Imagen 2 was trained on what Google described as higher-quality image and description pairings, which it credited for more detailed outputs and tighter alignment between a prompt and the resulting image. Google highlighted progress on failure modes that commonly plague diffusion models, including more realistic rendering of human hands and faces and fewer distracting visual artifacts. [2][4]
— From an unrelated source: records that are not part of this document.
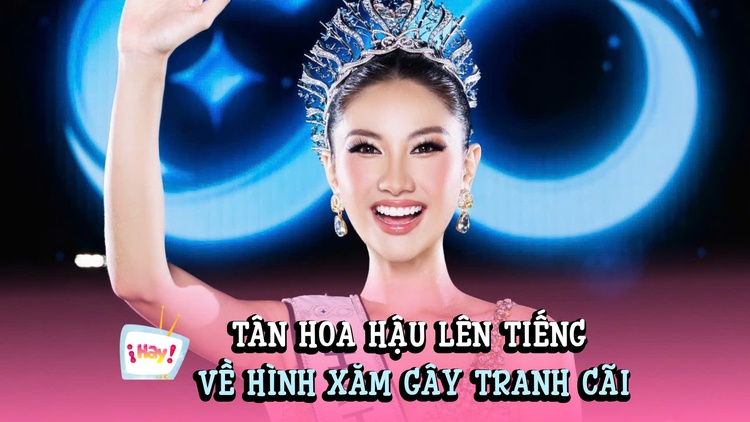 Tân Hoa hậu Hoàn vũ Việt Nam Nguyễn Hoàng Phương Linh nói gì về hình xăm gây tranh cãi?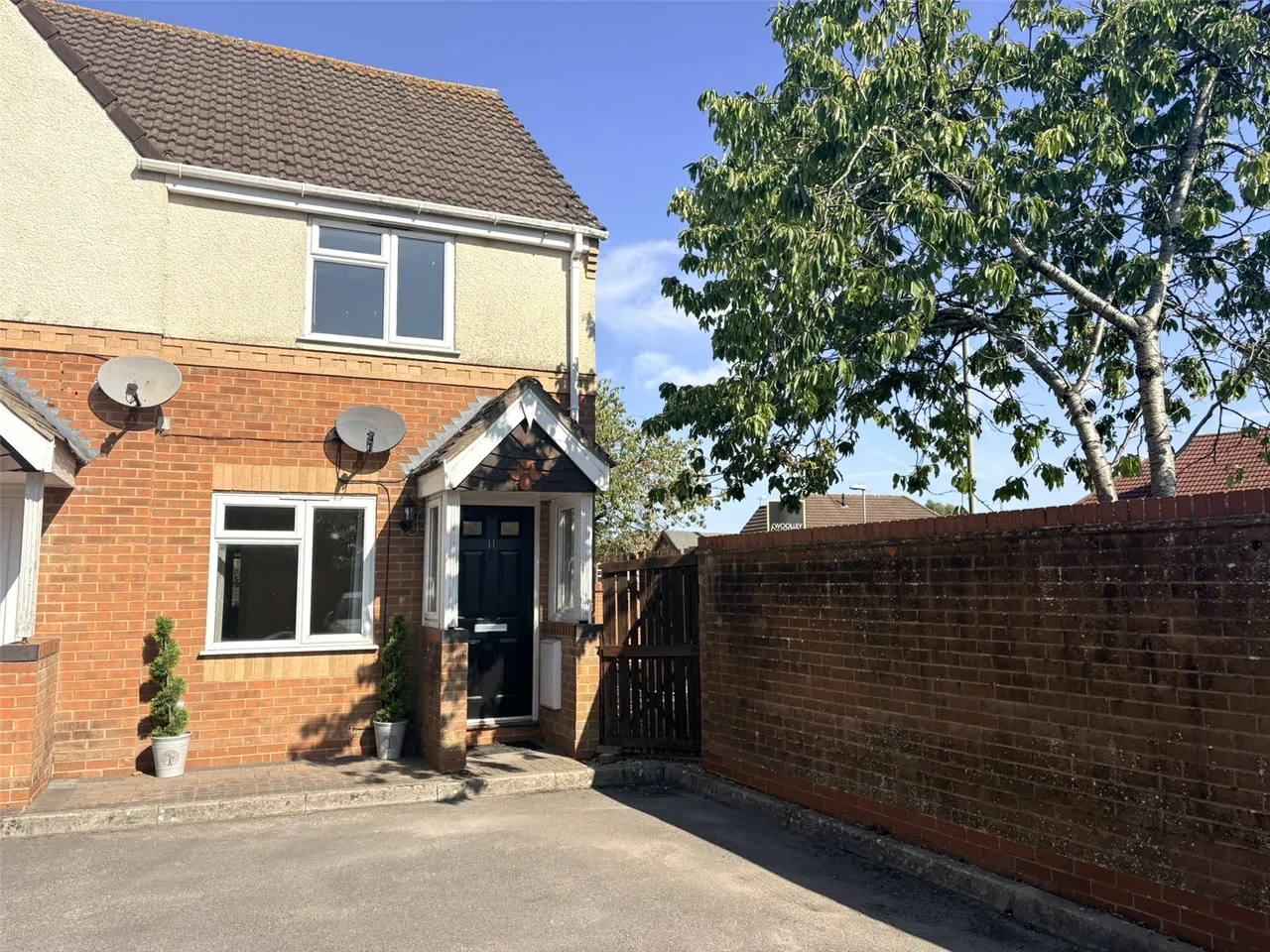2 bed house for sale — Cloverfields, Gillingham, Dorset, SP8 4UP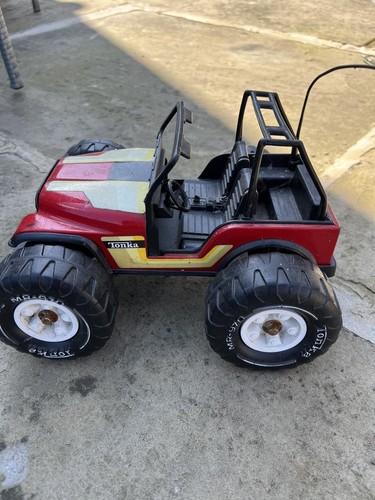 Vintage tonka toys jeep - tonka,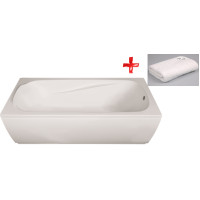 Комплект: FIESTA ванна 170*70см без ножек + Полотенце махровое Volle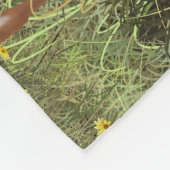 Couverture Polaire Cute White Deer Twin Fawns (Coin)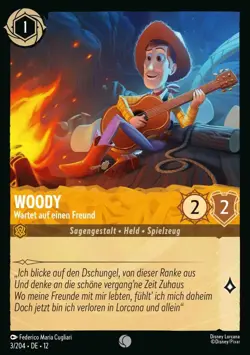 Disney Lorcana - Unbekannte Wildnis - Einzelkarten Deutsch 🇩🇪 NON HOLO - Image 4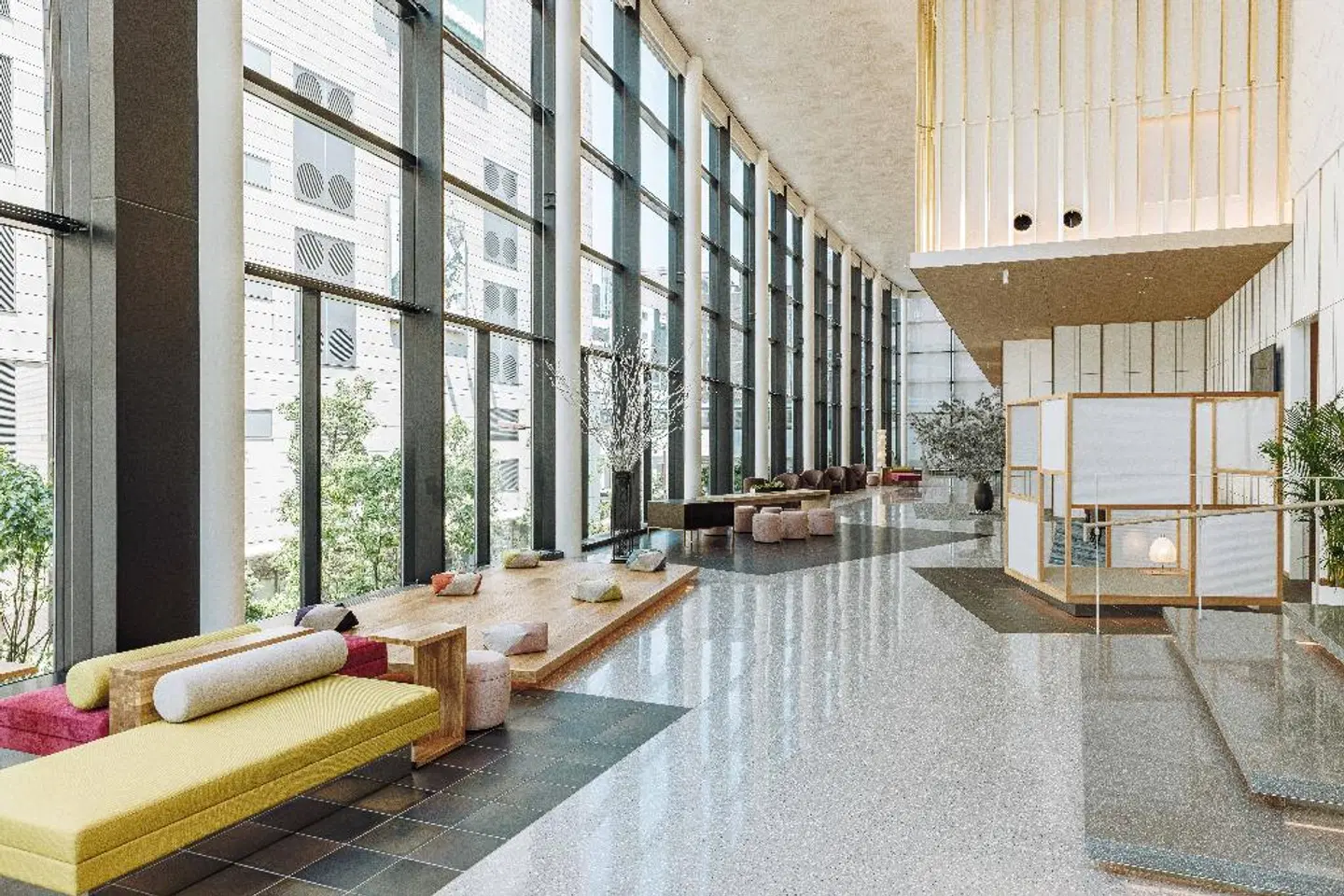 Centara Grand Hotel Osaka Hallenbad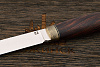 Финский нож Сергея Никитина, сталь JM390A, рукоять ironwood - фото №4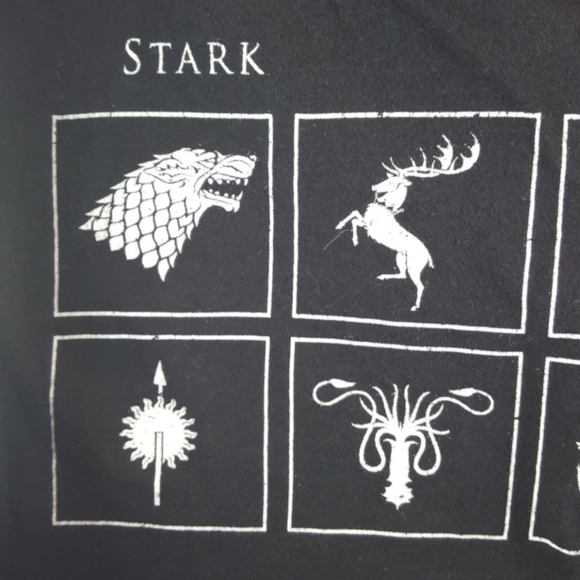 Game of Thrones CHOOSE YOUR HOUSE T-Shirt (XL) - Picture 4 of 7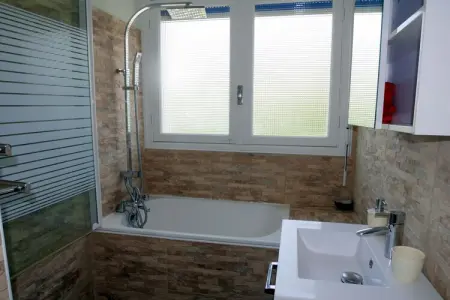 Ferienhaus mit 180° Panorama Meerblick Lampaul-Plouarzel - Photo 14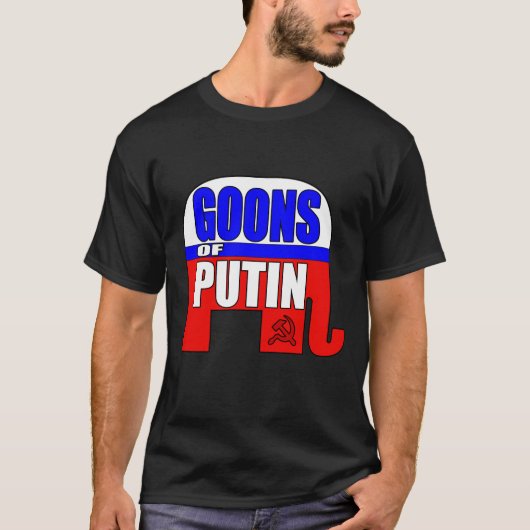 プーチンのゴーン Tシャツ (正面)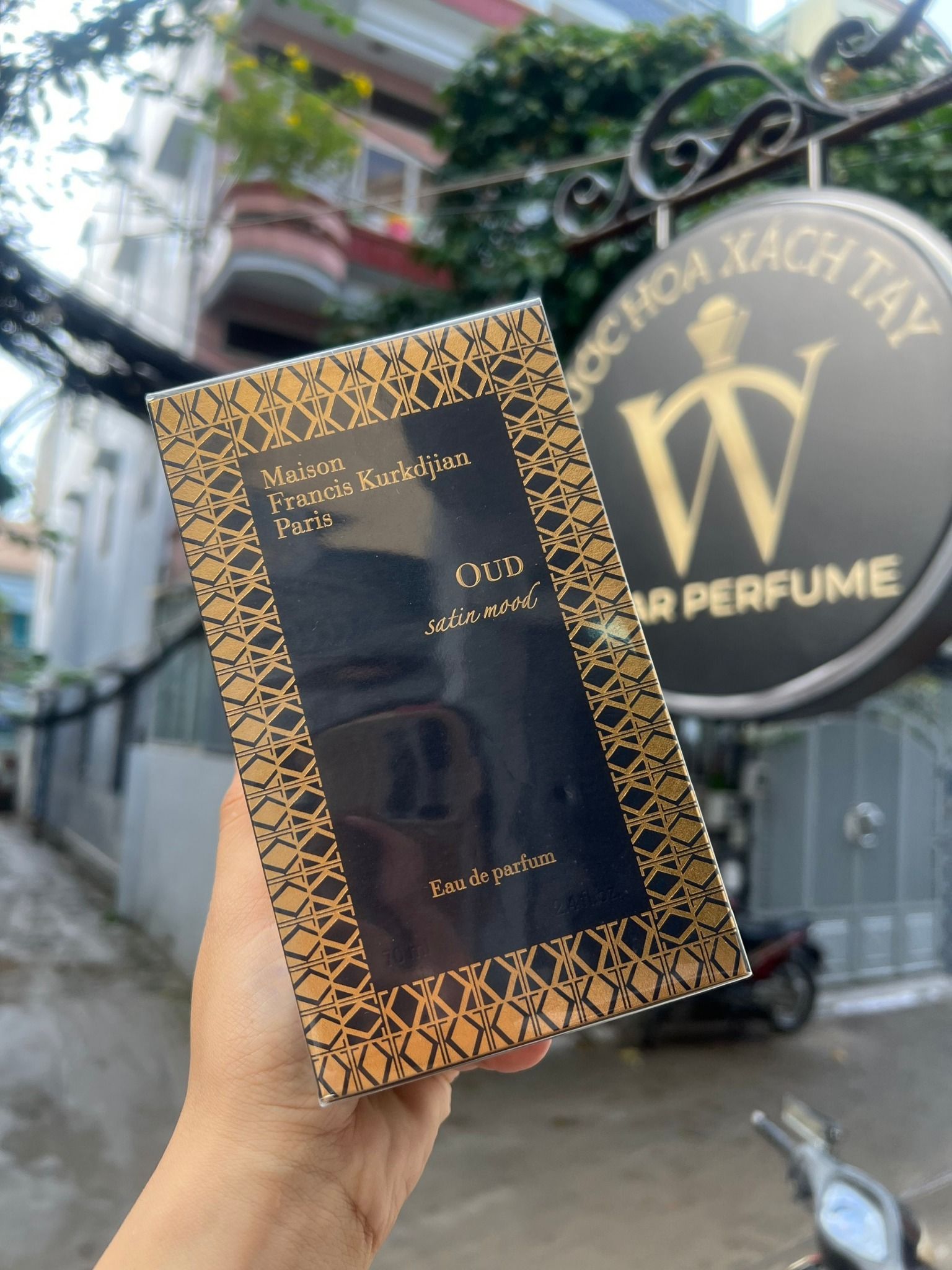  Maison Francis Kurkdjian Oud Satin Mood 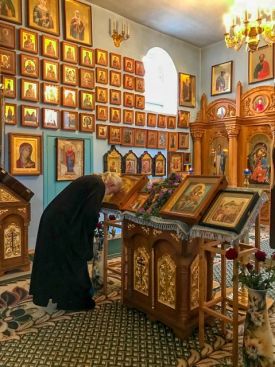 Храмовый праздник в с. Надеждовка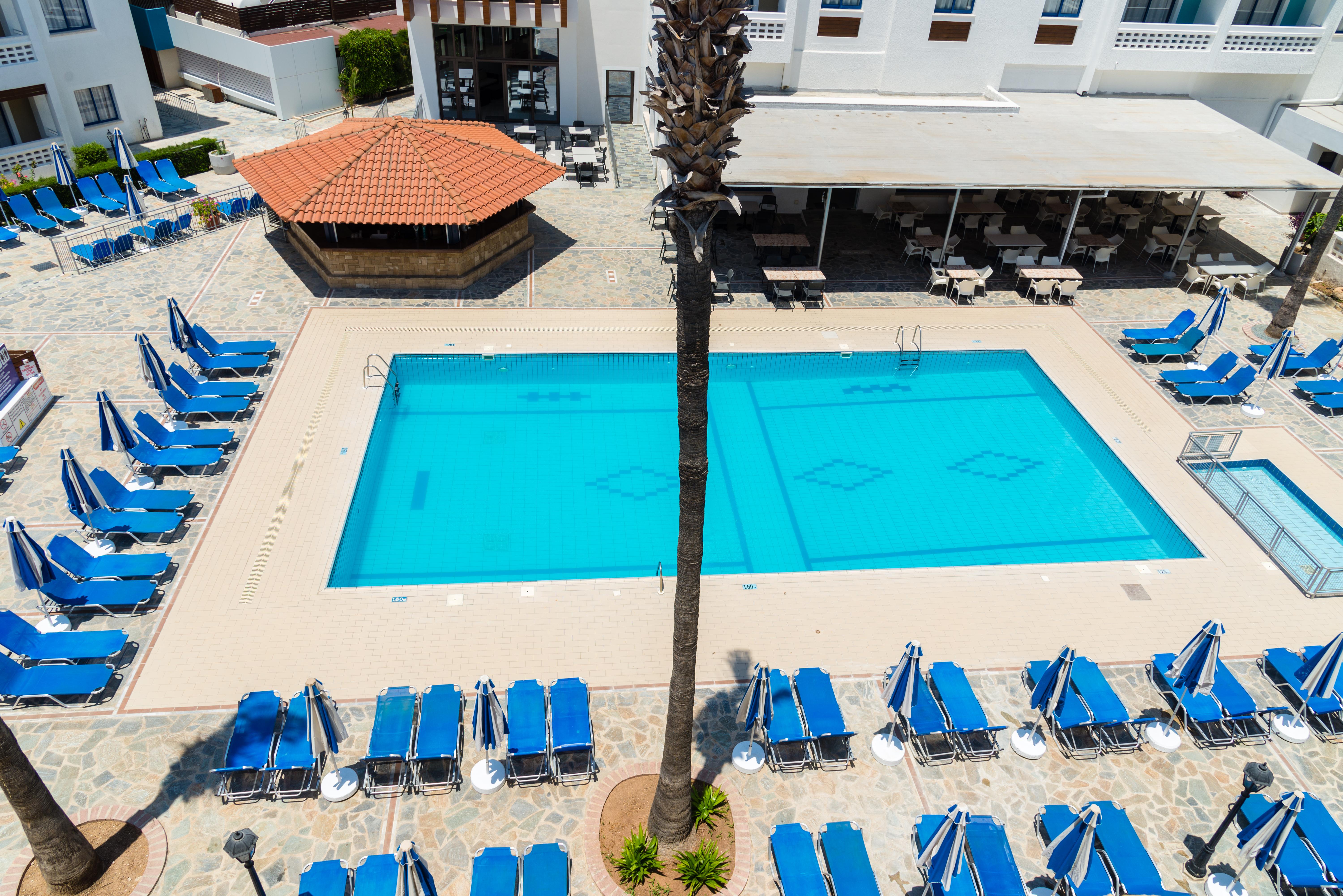 Kefalos Damon Hotel Apartments Paphos Exterior foto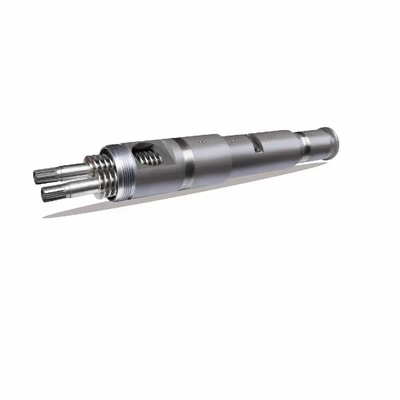 Bimetallic Screw And Barrel For Plastic Extruder Machines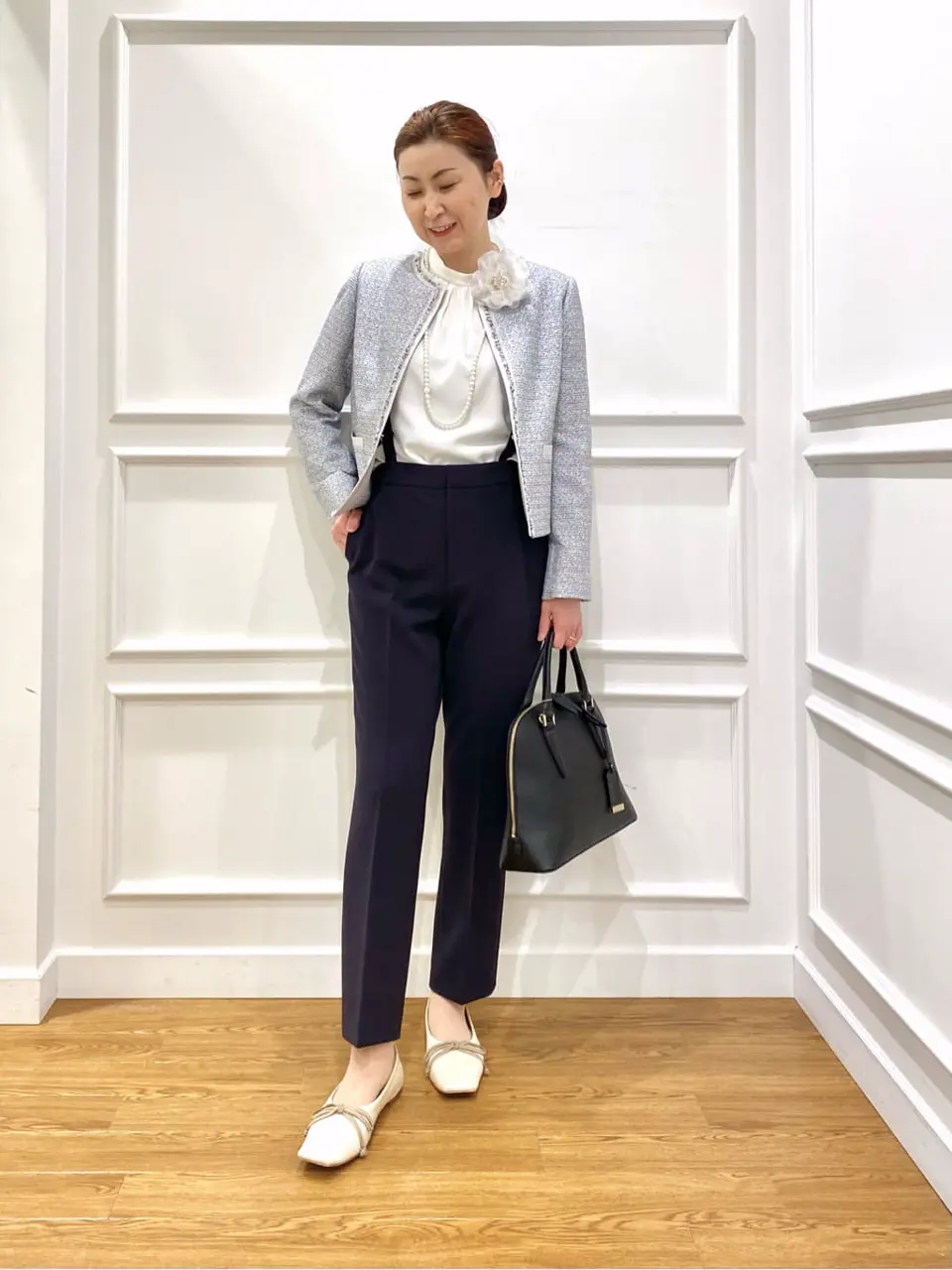 23区 スタッフ コーディネート画像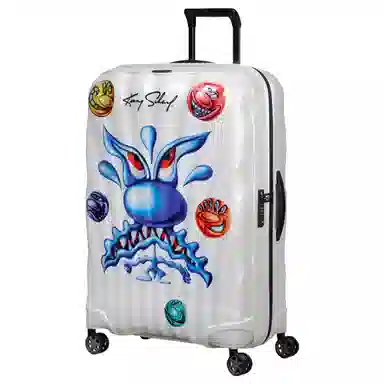 Samsonite x Kenny Scharf C-LITE White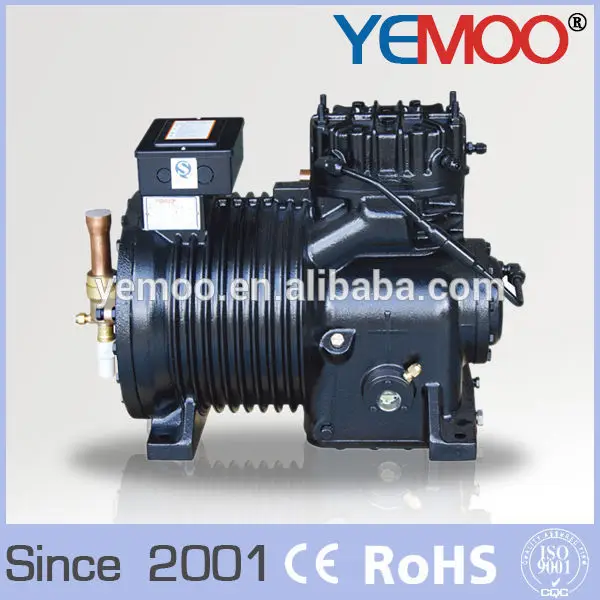 8 hp yemoo semi-hermetic pistons copland high pressure gas r22 r404a compressor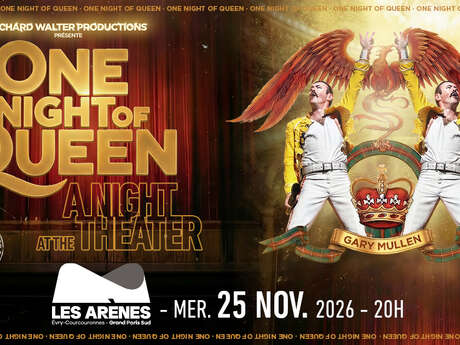 ONE NIGHT OF QUEEN "A NIGHT AT THE THEATER"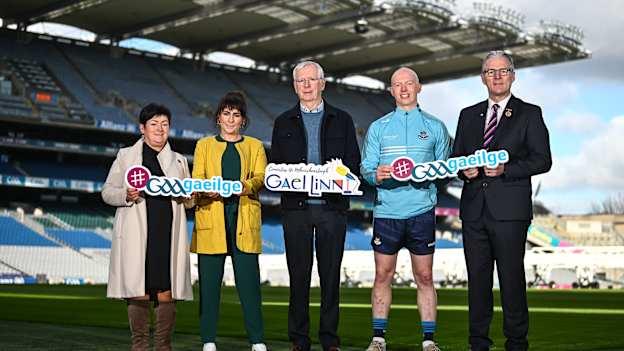 Fergal Whitely announced as Ambasadóir na Gaeilge CLG for 2025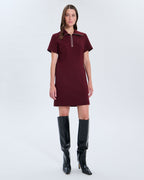 Robe Rinda grenat_1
The headline new capabilities concerned typography and branding. Earlier text-to-image systems were notorious for producing garbled, gibberish text inside images. Imagen 2 could render cleaner, legible text and overlay it onto generated scenes, and it could produce logos such as emblems, lettermarks, and abstract marks that could then be placed on products, clothing, business cards, and similar surfaces. The model also supported multilingual text rendering at launch in Chinese, Hindi, Japanese, Korean, Portuguese, English, and Spanish, with more languages planned for 2024. On the Vertex AI platform it additionally offered visual question answering and long-form image captioning. [1][3][5]
| Capability | Detail |
|---|---|
| Announced (Cloud/Vertex AI) | December 13, 2023; generally available December 14, 2023 [1][6] |
| Consumer rollout (Bard, ImageFX) | February 1, 2024 [2][9] |
| Text rendering languages | Chinese, Hindi, Japanese, Korean, Portuguese, English, Spanish [3][6] |
| Watermarking | SynthID invisible watermark [1][6] |
| Editing (added 2024) | Inpainting, outpainting [10][11] |
| Image-to-video (added 2024) | Four-second clips at 360x640 [10][12] |
Imagen 2 reached different audiences along two tracks. The first was enterprise. Google Cloud made Imagen 2 generally available on Vertex AI on December 14, 2023 for customers on an approved allowlist, marketing it as part of the "Imagen on Vertex AI" offering and extending Google's copyright indemnification commitment to cover it. Early enterprise users cited by Google included Snap, which used the technology in an AI Camera Mode for Snapchat+ subscribers, Shutterstock, which built an AI image generator on it, and Canva. [1][6]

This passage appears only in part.